# Rec. - Fondue Meatballs



## mish (Jan 20, 2006)

This is a concoction I am putting together quickly for an easy appetizer.

Fondue Meatballs

1 package frozen Italian Style Meatballs, thawed
1 10 1/2-oz can cheddar cheese soup
1/2 cup cubed American or Colby-Jack Cheese
1/2 cup milk
4 oz green chilies
Paprika, to taste (optional)

Mix soup, cheese cubes, milk and paprika together in microwave-safe bowl. Heat on HIGH (100% power) 5 minutes; stir every minute. Place thawed meatballs in slow cooker. Add cheesy fondue sauce and stir to coat meatballs. Simmer on LOW heat for about 3 hours. Stir occasionally. Toward the end of cooking time, add chilies. Thinking out loud, a splash of white wine, might be something I will try next time.

As an appetizer, serve on party picks or mini sub rolls.

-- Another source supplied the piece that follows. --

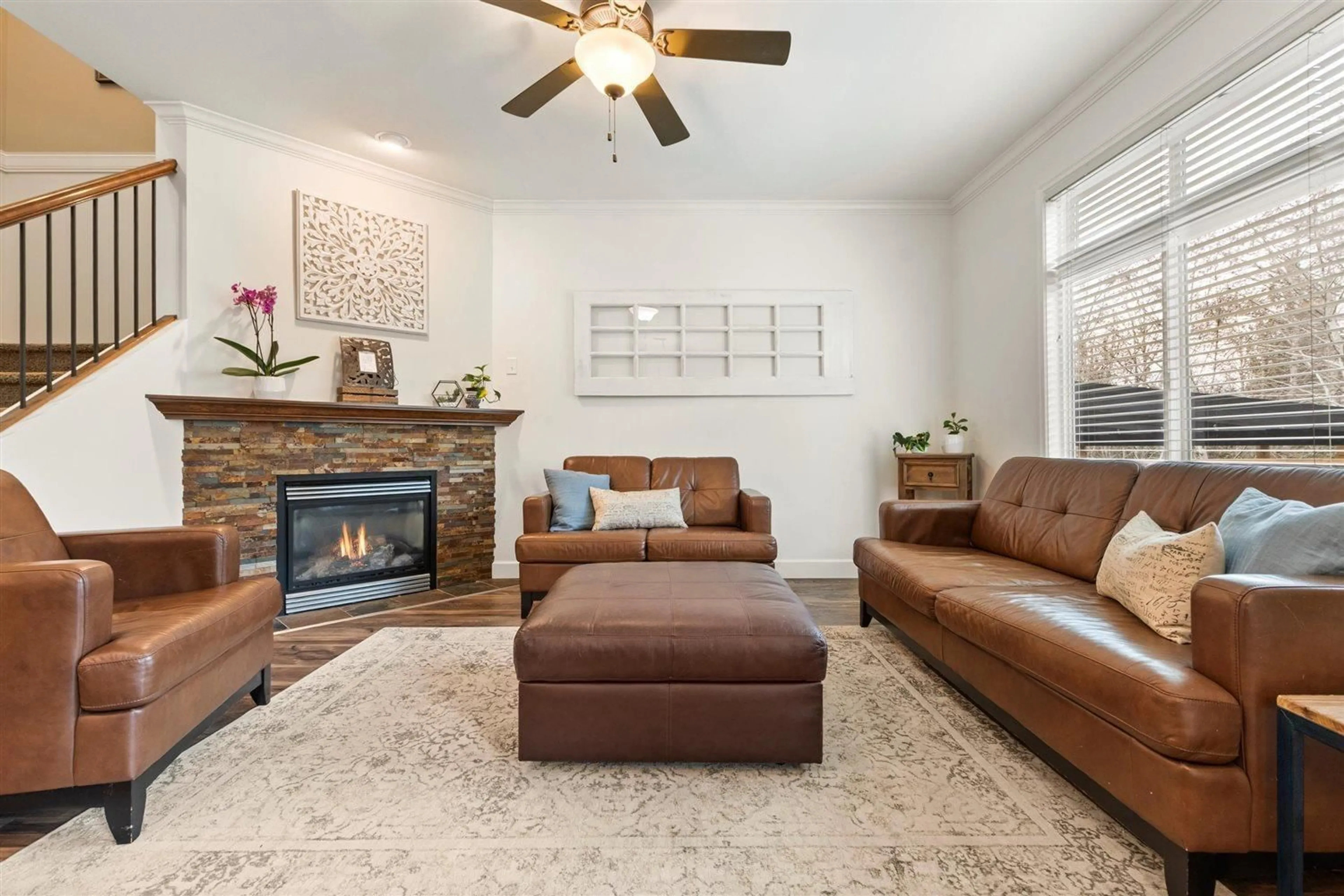 Living room with furniture, unknown for 23 - 46808 HUDSON ROAD, Chilliwack British Columbia V2R0L4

As a main dish - Add about a small handful or two of dry small elbow macaroni or shells about 45 minutes before the end of cooking time. Be sure pasta is submerged in liquid. The pasta will double in size while cooking. Add additional liquid as needed. Another idea - Omit paprika and add fresh diced tomatoes and onions.


----------